### Task to carry out:
Every line in the listing below from the one with "Amstaff - Disponibili" through the one with "Zinnias of different" is to be reproduced exactly, both ends included; leave out the rest.

### Data for processing:
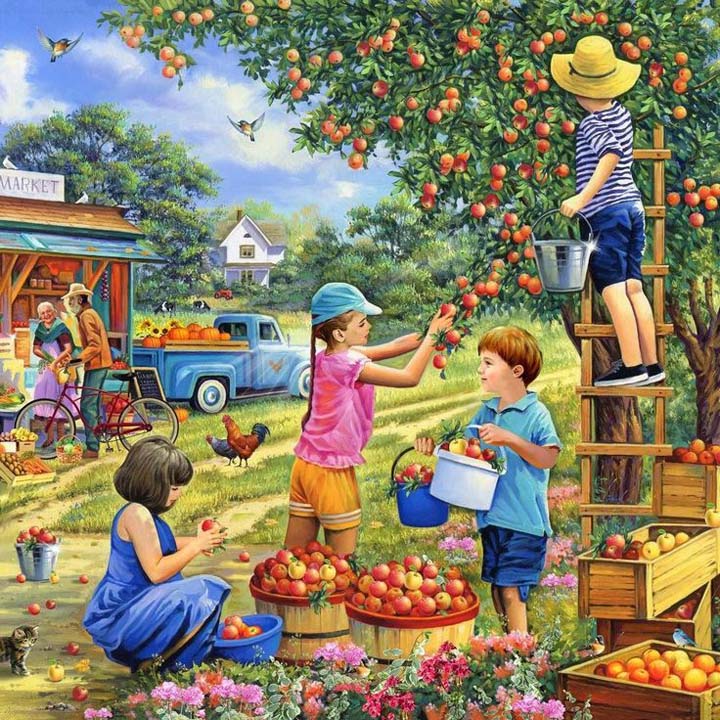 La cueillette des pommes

---

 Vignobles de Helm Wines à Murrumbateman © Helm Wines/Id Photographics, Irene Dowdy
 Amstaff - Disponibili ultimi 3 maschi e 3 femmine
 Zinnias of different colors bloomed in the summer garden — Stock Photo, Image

### Problem solution:
 Amstaff - Disponibili ultimi 3 maschi e 3 femmine
 Zinnias of different colors bloomed in the summer garden — Stock Photo, Image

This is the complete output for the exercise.